PROBLEM TO WORK ON:
The answer is all of the entries below, repeated exactly and free of pictures.

ENTRIES SHOWN:
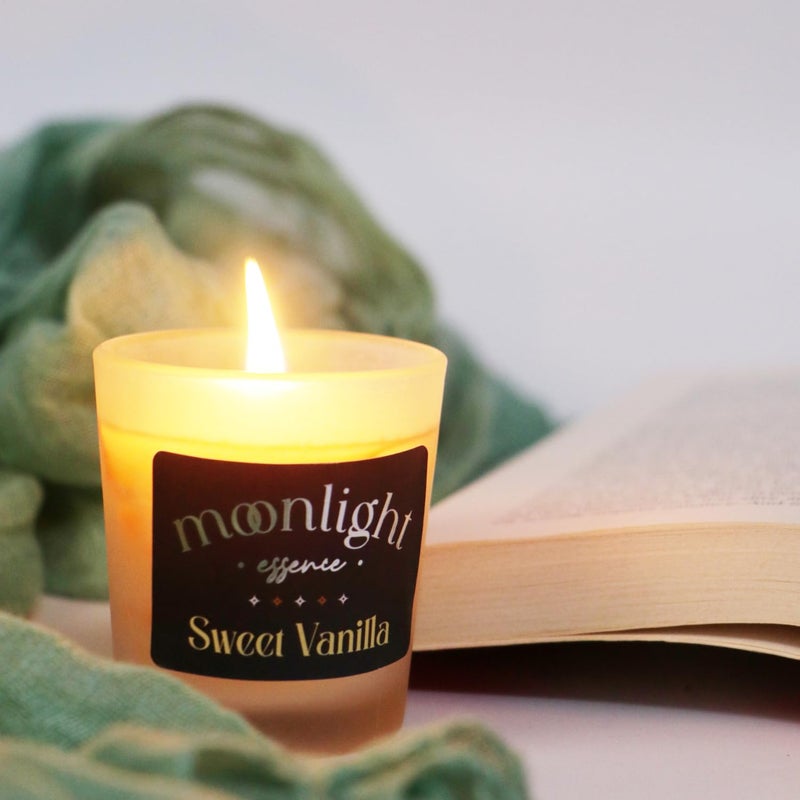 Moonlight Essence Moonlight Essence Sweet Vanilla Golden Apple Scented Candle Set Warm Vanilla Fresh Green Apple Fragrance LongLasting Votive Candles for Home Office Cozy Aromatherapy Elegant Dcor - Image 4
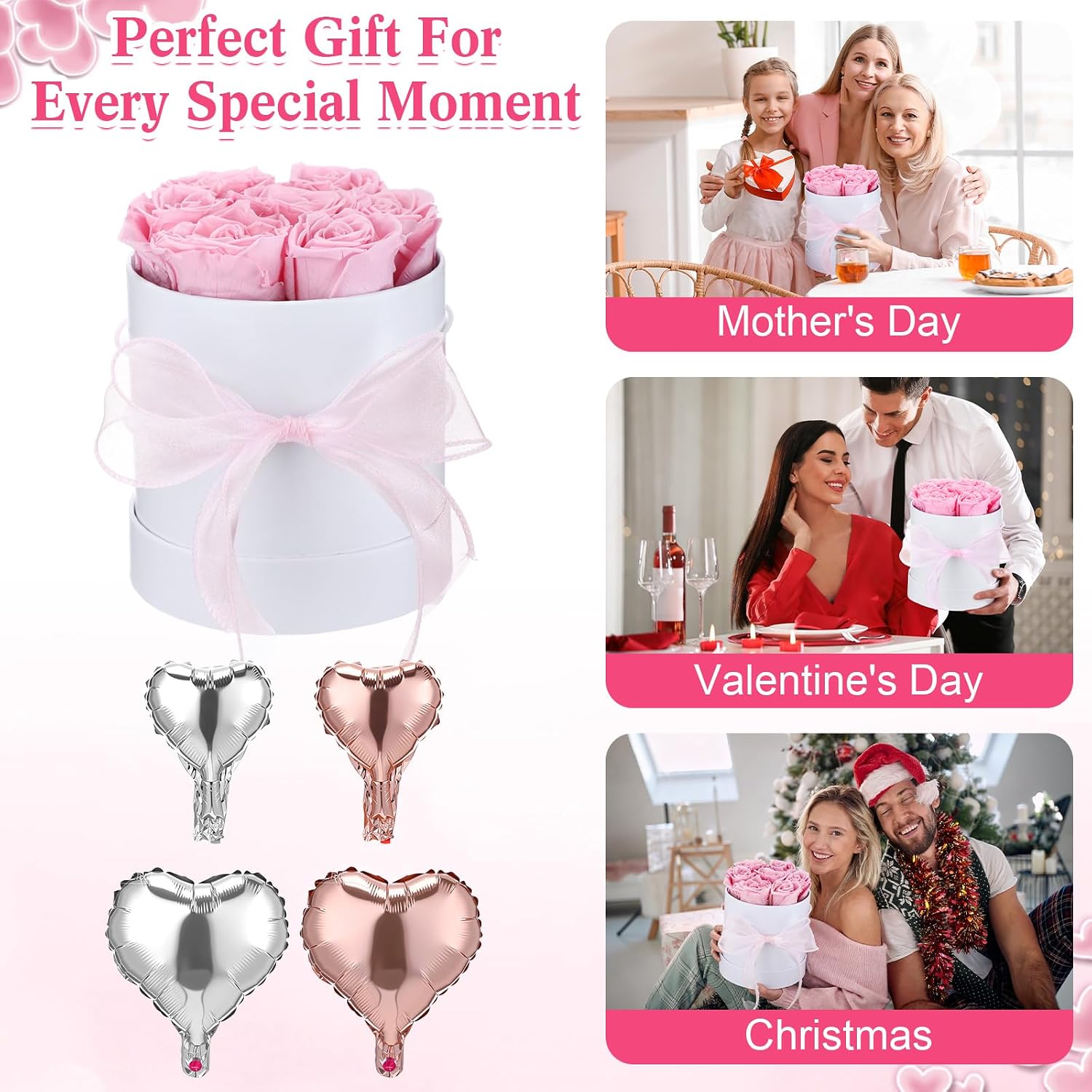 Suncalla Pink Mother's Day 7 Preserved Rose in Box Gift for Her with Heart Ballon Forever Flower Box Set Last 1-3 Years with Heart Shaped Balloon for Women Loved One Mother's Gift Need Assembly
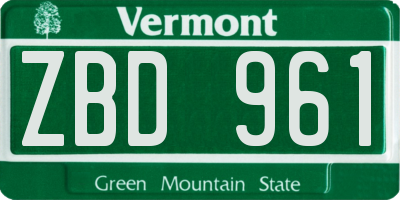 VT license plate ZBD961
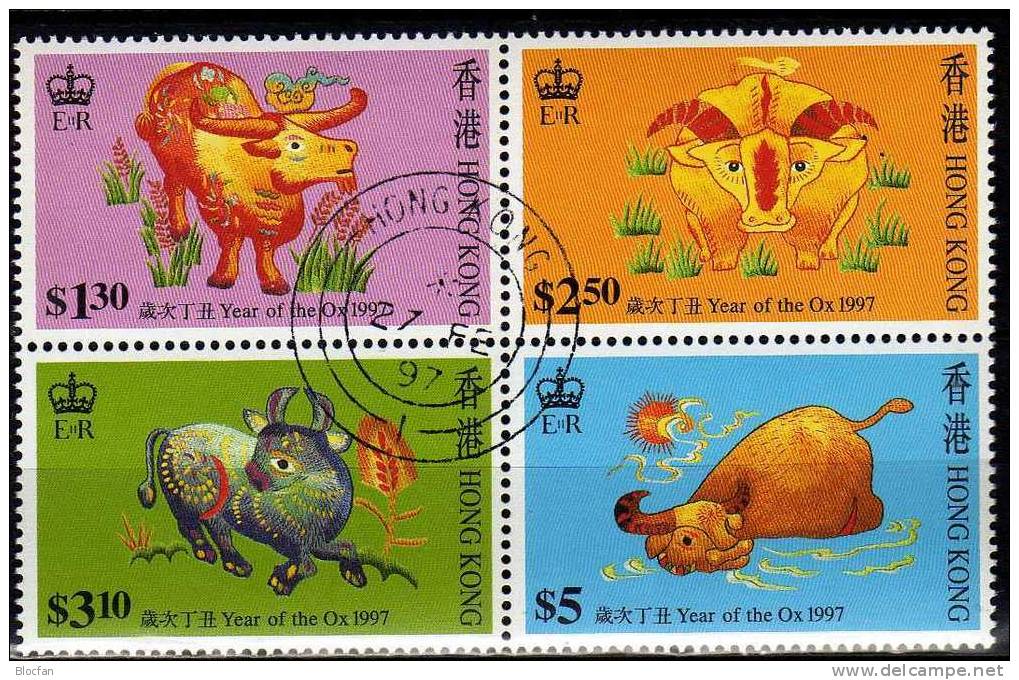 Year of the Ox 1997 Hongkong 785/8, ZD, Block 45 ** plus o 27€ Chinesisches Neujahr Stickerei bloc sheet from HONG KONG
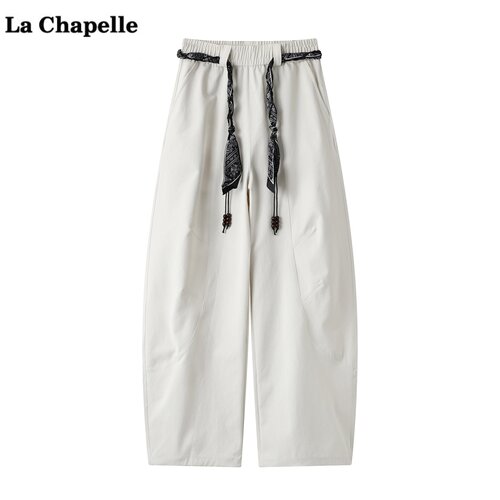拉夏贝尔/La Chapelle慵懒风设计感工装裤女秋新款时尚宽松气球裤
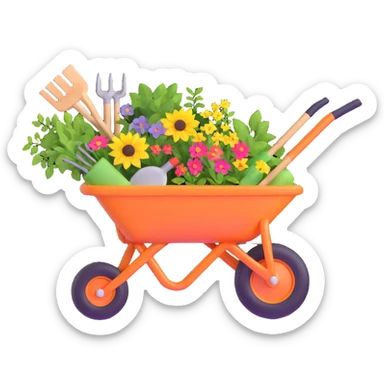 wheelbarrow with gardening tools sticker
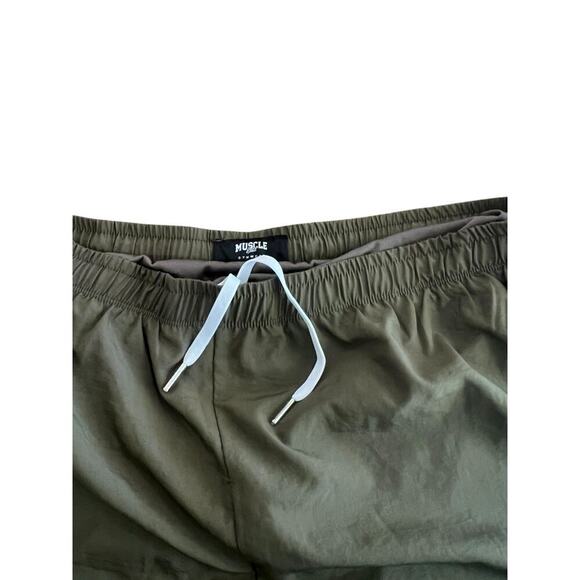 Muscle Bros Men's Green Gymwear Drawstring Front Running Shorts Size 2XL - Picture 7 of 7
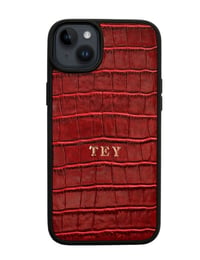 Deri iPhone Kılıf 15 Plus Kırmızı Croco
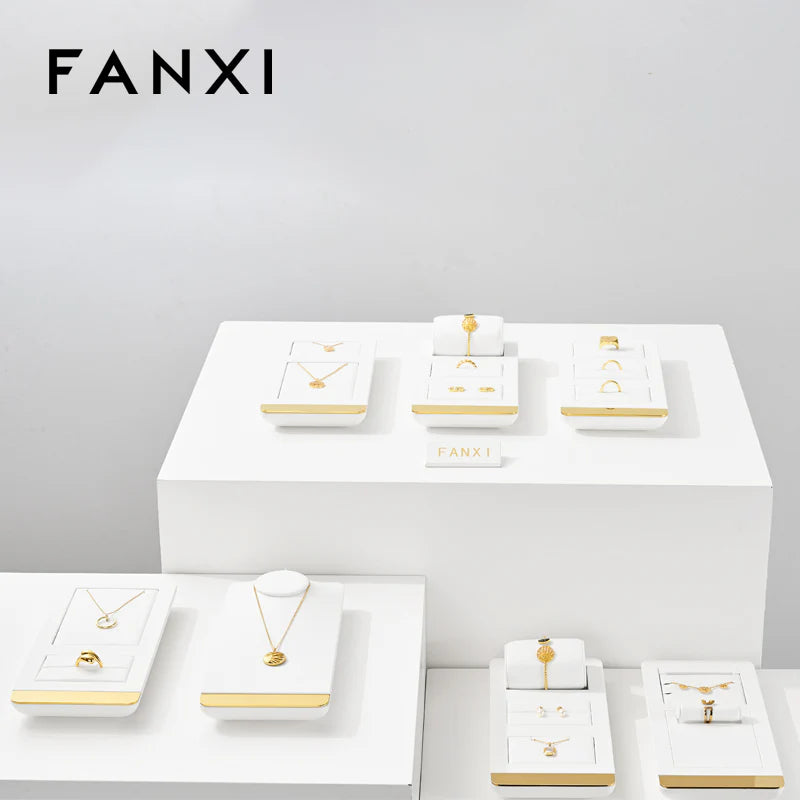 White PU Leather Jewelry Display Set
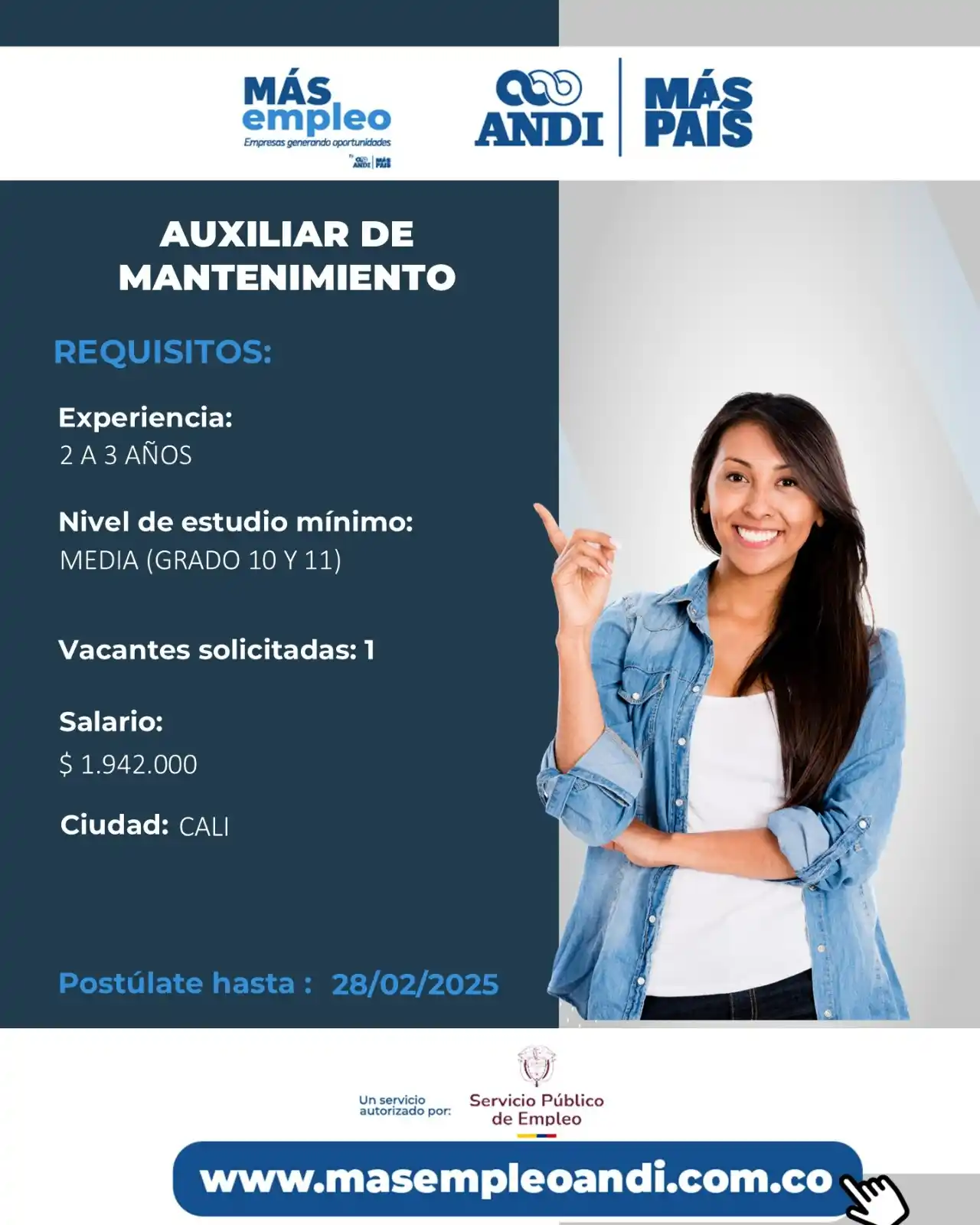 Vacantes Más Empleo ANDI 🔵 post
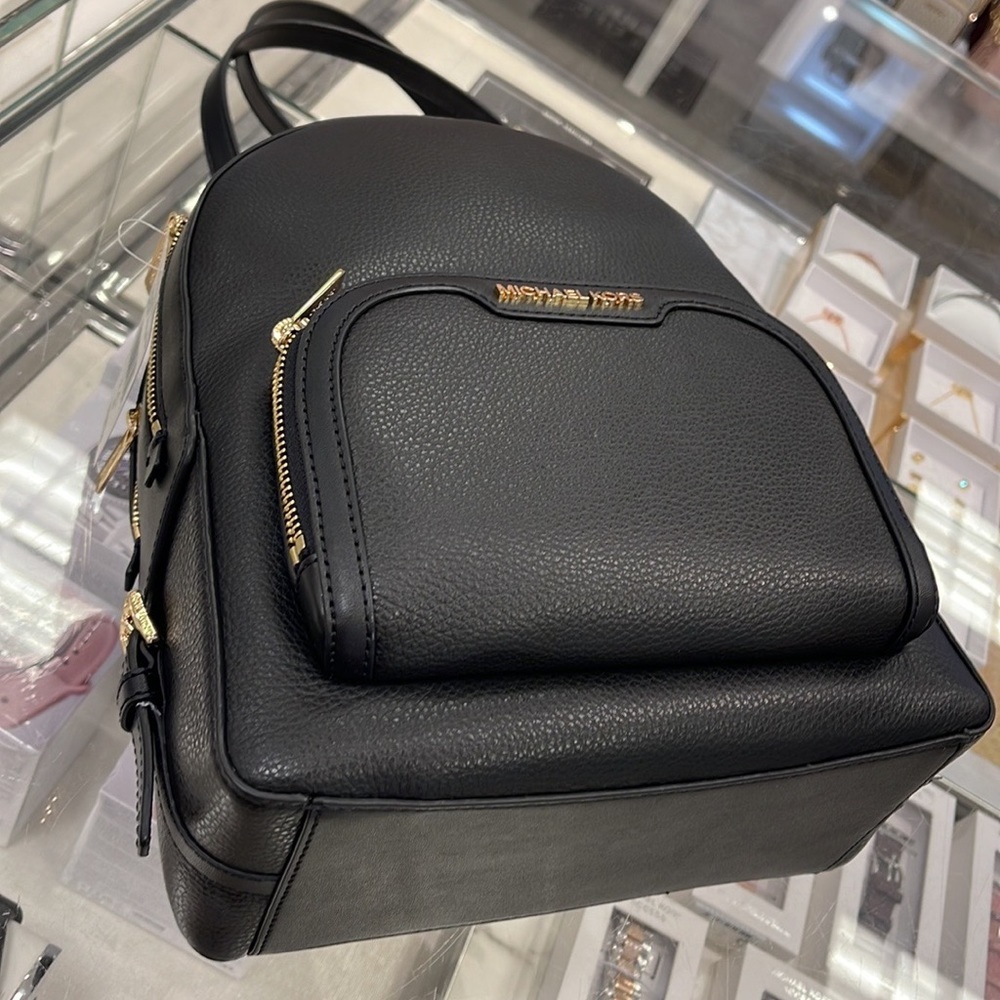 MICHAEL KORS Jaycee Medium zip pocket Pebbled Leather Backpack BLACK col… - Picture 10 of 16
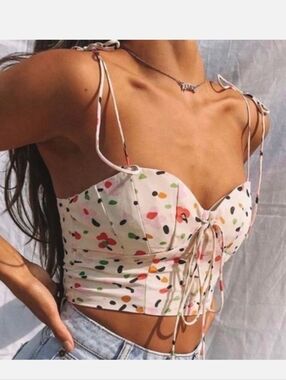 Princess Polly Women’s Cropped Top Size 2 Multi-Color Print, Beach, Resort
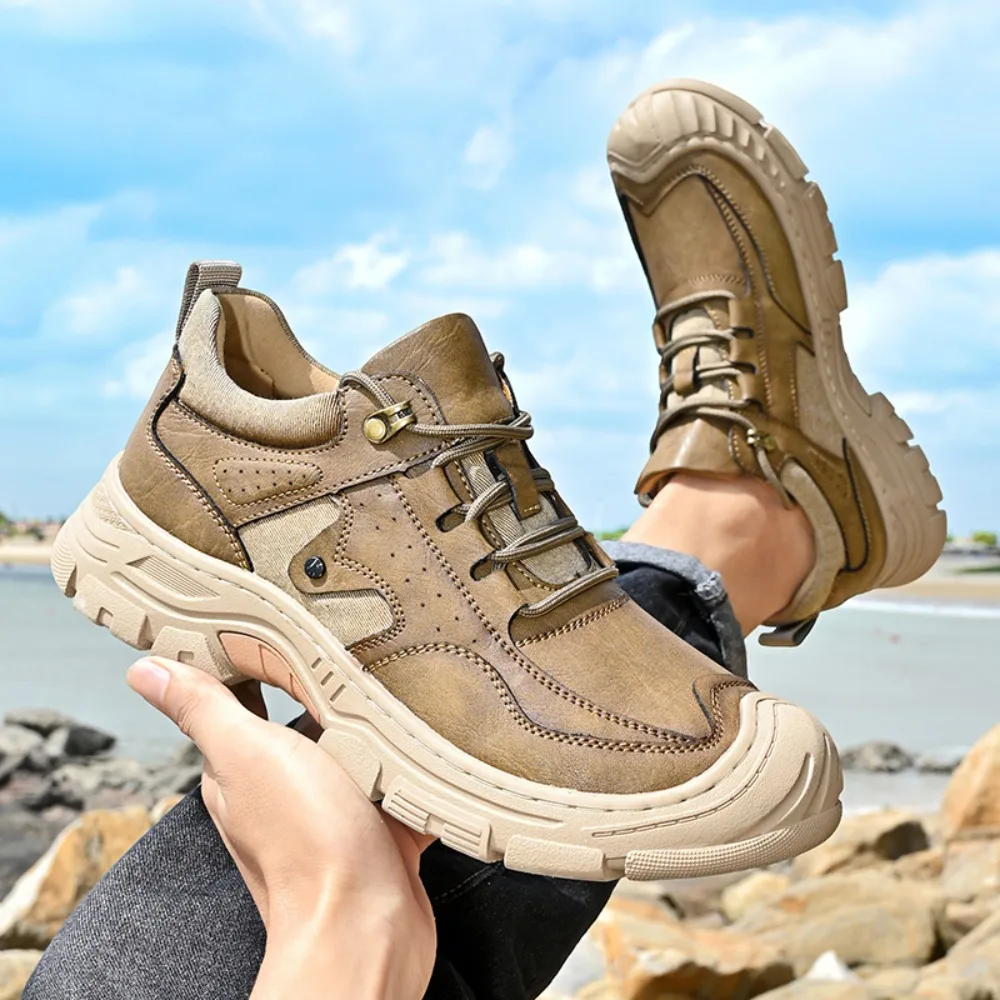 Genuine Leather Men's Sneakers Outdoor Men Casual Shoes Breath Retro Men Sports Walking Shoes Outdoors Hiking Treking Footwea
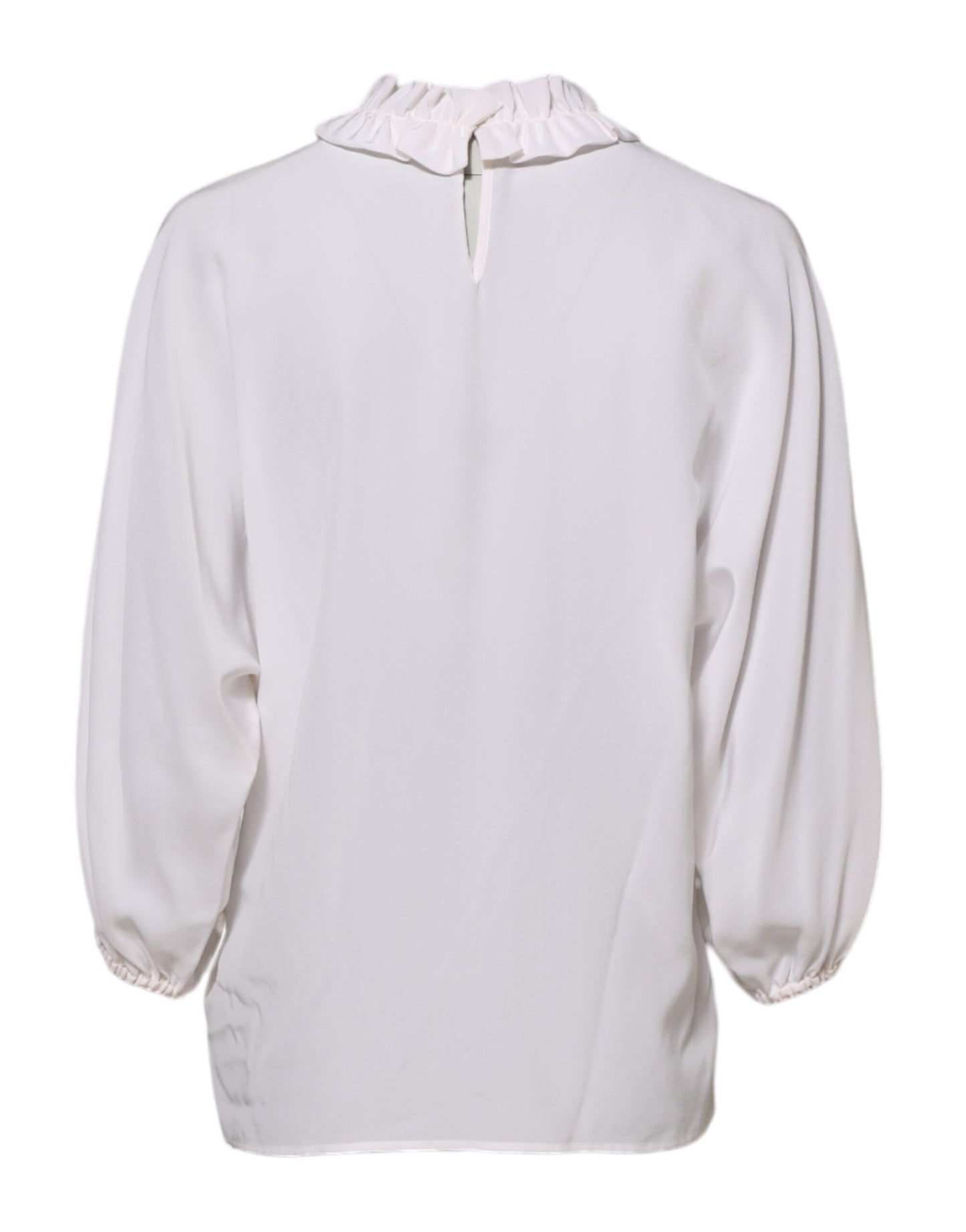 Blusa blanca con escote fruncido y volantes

WRITTEN RESPONSE:
 Moonlight Essence Moonlight Essence Sweet Vanilla Golden Apple Scented Candle Set Warm Vanilla Fresh Green Apple Fragrance LongLasting Votive Candles for Home Office Cozy Aromatherapy Elegant Dcor - Image 4
 Suncalla Pink Mother's Day 7 Preserved Rose in Box Gift for Her with Heart Ballon Forever Flower Box Set Last 1-3 Years with Heart Shaped Balloon for Women Loved One Mother's Gift Need Assembly
 VT license plate ZBD961
 Year of the Ox 1997 Hongkong 785/8, ZD, Block 45 ** plus o 27€ Chinesisches Neujahr Stickerei bloc sheet from HONG KONG
拉夏贝尔/La Chapelle慵懒风设计感工装裤女秋新款时尚宽松气球裤
 wheelbarrow with gardening tools sticker
 Muscle Bros Men's Green Gymwear Drawstring Front Running Shorts Size 2XL - Picture 7 of 7
 Deri iPhone Kılıf 15 Plus Kırmızı Croco
 White PU Leather Jewelry Display Set
 Vacantes Más Empleo ANDI 🔵 post
 MICHAEL KORS Jaycee Medium zip pocket Pebbled Leather Backpack BLACK col… - Picture 10 of 16
 Princess Polly Women’s Cropped Top Size 2 Multi-Color Print, Beach, Resort
 Genuine Leather Men's Sneakers Outdoor Men Casual Shoes Breath Retro Men Sports Walking Shoes Outdoors Hiking Treking Footwea
 Blusa blanca con escote fruncido y volantes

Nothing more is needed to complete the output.